First, Falk's narrative approach and writing style. The hero of Falk's story is not a famous Paris master, or the glamorous Roger Bacon, whose name shines like a beacon in the night. Instead, Falk chooses to focus on an obscure and utterly forgotten Benedictine monk, John Westwyk. "Brother John," Falk tells us, "is the perfect guide to the story of medieval science. We do not know much about him--but that is precisely what makes him so suitable" (11). Why? Falk seeks to "represent the ideas and achievements of the nameless majority" whose unrecognized piecemeal efforts over time gave rise collectively, across regional and linguistic barriers, to a "scientifically minded people" (11). Falk's point is that a multi-dimensional desire for scientific knowledge grew slowly but with steady momentum, achieving widespread and deep-rooted results.
How does Falk convince us? He traces John's rural upbringing, education and adult challenges with loving care and scrupulous respect for detail. The effect is to put a new spotlight on invisible struggles nurturing improvement through trial and error. Unlike George Duby, who uses statistics to kindle his reader's interest in ordinary medieval life, Falk appropriates the special narrative methods that we associate with Gustave Flaubert's "Realism." The justly famous beginning of Flaubert's novel Salambo exemplifies the method: "C'était à Mégara, faubourg de Carthage, dans les jardins d'Hamilcar." ["It happened in Megara, a suburb of Carthage, in Hamilcar's gardens."]The trick is that we are not informed or told about the context of the story, we are physically transported there. Falk achieves a similar sensorial immediacy: "If the young John Westwyk was up at first light on the feast of St Luke, 18 October, watching through the chill autumn mist, he could see the Sun rise directly behind the squat Norman tower of St Albans abbey church" (19). Falk's method of historiography is not gratuitous. Based on laborious archival research, it draws as well on a personal familiarity with landscapes and localities to initiate the reader into a lost historical "here and now." Falk prompts us to use what John Henry Newman calls "our faculty of composition." We extend our concrete sense of knowing to things and beings that lie beyond our immediate experience. We give "real assent" to concrete persons and places, gestures and feelings. In short, we believe that John studied and struggled and held an astrolabe in his hands and built an equatorie.
The impact on the reader is powerful. Once we have felt that chill autumn mist, we effortlessly identify with John as he wonders about the seasons and asks questions. As we grow older by his side, we move from a folk astronomy that is "blended with traditional wisdom and put to poetic purposes" to the rudiments of academic learning at the St Albans grammar school.
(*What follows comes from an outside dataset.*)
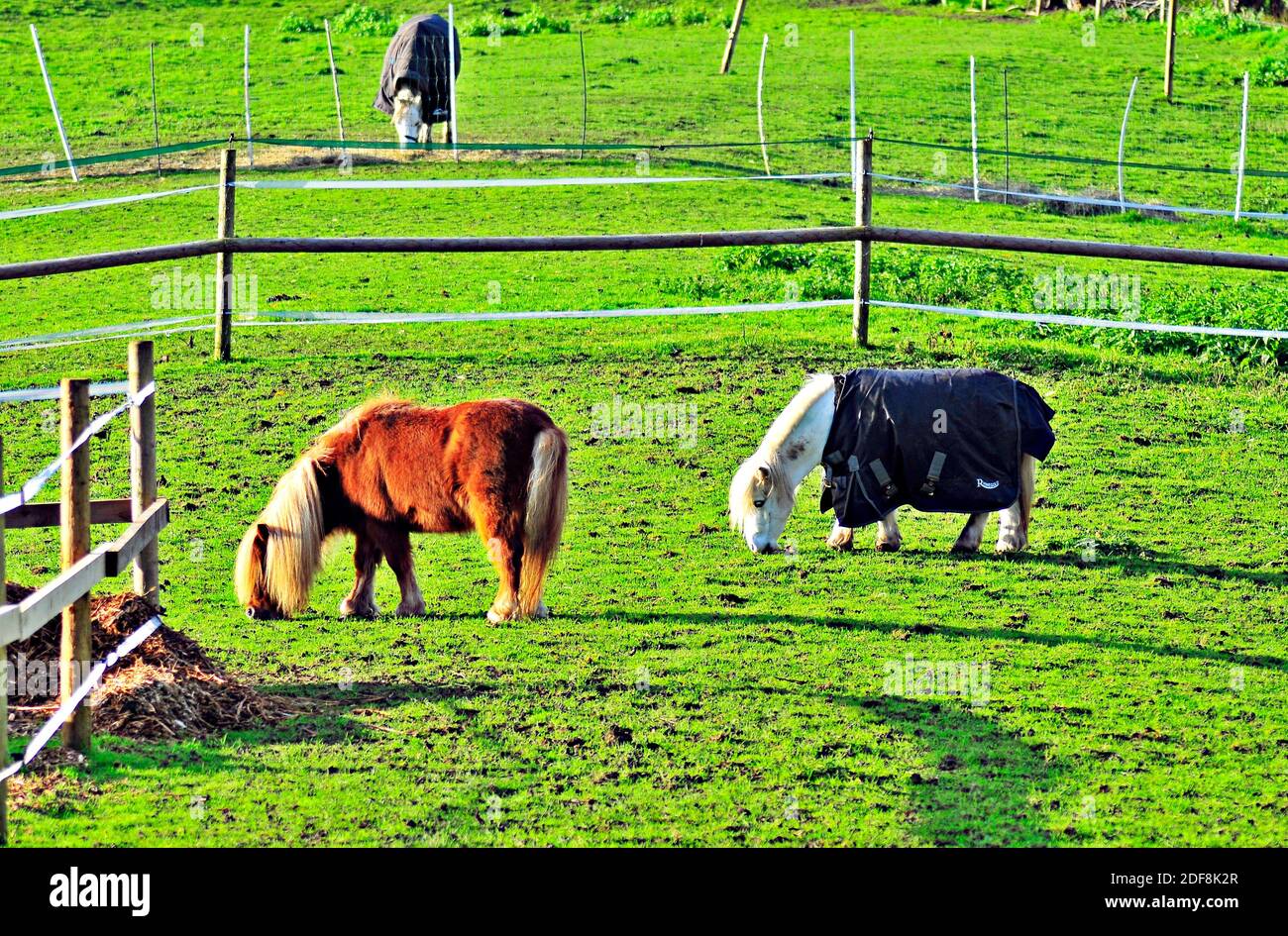 Pferde grasen auf dem Feld. Pferde Fütterung im ländlichen England. Schwarze und weiße Pferde in schöner Landschaft. Gruppe domestizierter Tiere auf einer Wiese. Stockfoto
We learn to count with our fingers. We learn that there are many different equivalent methods of counting. Falk's point is that learning grows through living layers that remain rooted in concrete existential questions. John Westwyk is our "guide" though medieval science because, like him, we hesitate at each step. We get it wrong, we fumble the calculation, we fail at first to hold the astrolabe correctly. Through John's patience and perseverance, we rediscover our own inner recalcitrance to science--the same recalcitrance that John had to overcome; and with him, all of Western Europe and all of humanity.
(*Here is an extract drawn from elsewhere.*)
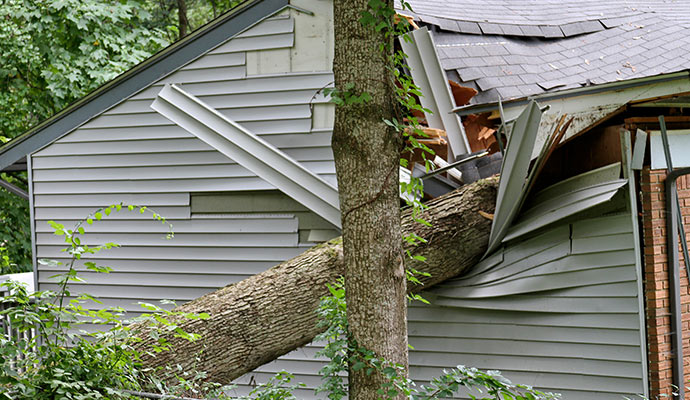 Fallen tree on a damaged house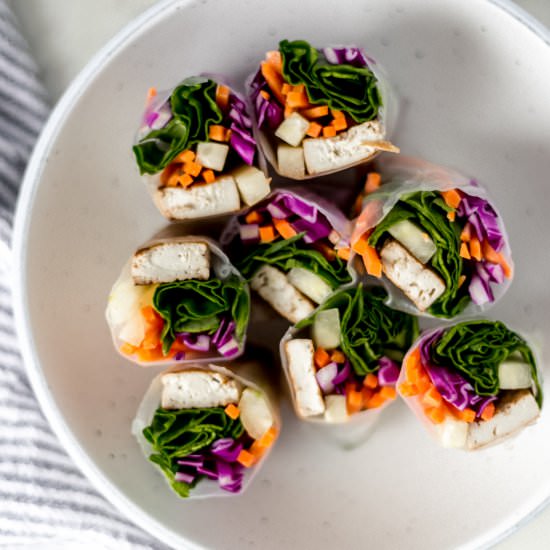 Fresh Vegan Spring Roll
Does Falk succeed in changing the reader's picture of the Middle Ages from "Dark" to "Light"? As we mature with John and follow him into the daily life at St Albans, we become aware of a vast manifold of small daily challenges--from making reliable calendars for feast days to determining when to ring the monastery bell to mark liturgical hours. Falk beautifully conveys the emergence of concrete needs for improved knowledge in an increasingly organized local environment that involves a wide variety of human skills all madly crisscrossing and straining the boundaries of custom. Chapter 2 on "The Reckoning of Time" leads naturally to chapter 3, which traces the rise of European universities in tandem with the massive translation activity that turned Greek and Arabic scientific texts into Latin. Falk does an admirable job of synthesizing sixty years of scholarship. He keeps a sharp eye on the trees while mapping out the forest as a whole. If I had to find something to criticize in this very successful chapter, I would cite a couple of missed opportunities. First, Falk nicely refers to John Murdoch and Edith Sylla for their pioneering work on the Oxford calculators, but he does not evoke Murdoch's deep insight that a "critical temper" developed at Oxford in the fourteenth century, questioning Aristotelian syllogism and exploring new standards of evidence. Secondly, when Falk turns briefly to alchemy, he makes no mention of William R. Newman's landmark thesis that duplicating results gave rise to improved methods and knowledge. Nevertheless, chapter 3 tells a fluent, coherent story. It also keeps our feet on the ground since we follow John Westwyk to Oxford and to Gloucester College--the remains of which we glimpse in a charming 1675 illustration showing Gloucester Hall (where Kenelm Digby studied in 1618, tutored by the mathematician and astrologer Thomas Allen.)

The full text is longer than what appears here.